In essence, the underlying question is whether the House of Lords was correct in Abbey National BS v Cann  1 AC 56 to hold that there was no moment in time (or scintilla temporis) between the transfer of an estate to a buyer and the simultaneous grant of a mortgage by that buyer to a lender. The transfer and mortgage are, of course, separate documents and, strictly factually, there is such a moment in time between their execution. However, in Cann, the House of Lords drew attention to the “reality” of the transactions, that they were indissolubly bound together. As Lord Oliver put it, “The acquisition of the legal estate is entirely dependent upon the provision of funds which will have been provided before the conveyance can take effect and which are provided only against an agreement that the estate will be charged to secure them”. The scintilla temporis was, therefore, “no more than a legal artifice”. It may be something of a heresy to say this, but I have always found Lord Oliver’s judgments (in the HL) turgid beyond belief; whether or not you agree with that comment, it is undeniable that both Flegg and Cann are viewed as being lender-friendly (although lenders would say that those cases make lending both possible and cheaper, thus being borrower-friendly as well).
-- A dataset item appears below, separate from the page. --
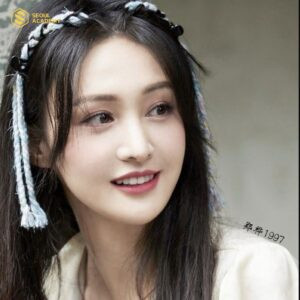 Kiểu mặt trái xoan trán cao rất thường gặp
My own view is that Cann was also flawed and the arguments against it are canvassed in these cases. The facts of these cases for present purposes, because they are largely assumed, are that a number of owner-occupiers entered into an agreement with the North East Property Buyers Ltd (NEPB). The terms of the agreement were that the company would buy the property and, on sale, would then rent the property back to the sellers. NEPB’s agents were not particularly well-versed in either property or landlord and tenant law (that seems to be one constant fact in most of the equity release cases). They promised different terms to each of the buyers and different rent levels, but many were told they could stay in the property for as long as they liked provided they kept to the terms of the tenancy. NEPB financed each transaction with a buy-to-let mortgage. Crucially (as we will see), they did not disclose to the lender that the seller/s would remain in the property or the terms of the tenancy agreement. Exchange of contracts and completion, including the execution of the charge, took place on the same day. NEPB became insolvent and vanished. The lenders want possession.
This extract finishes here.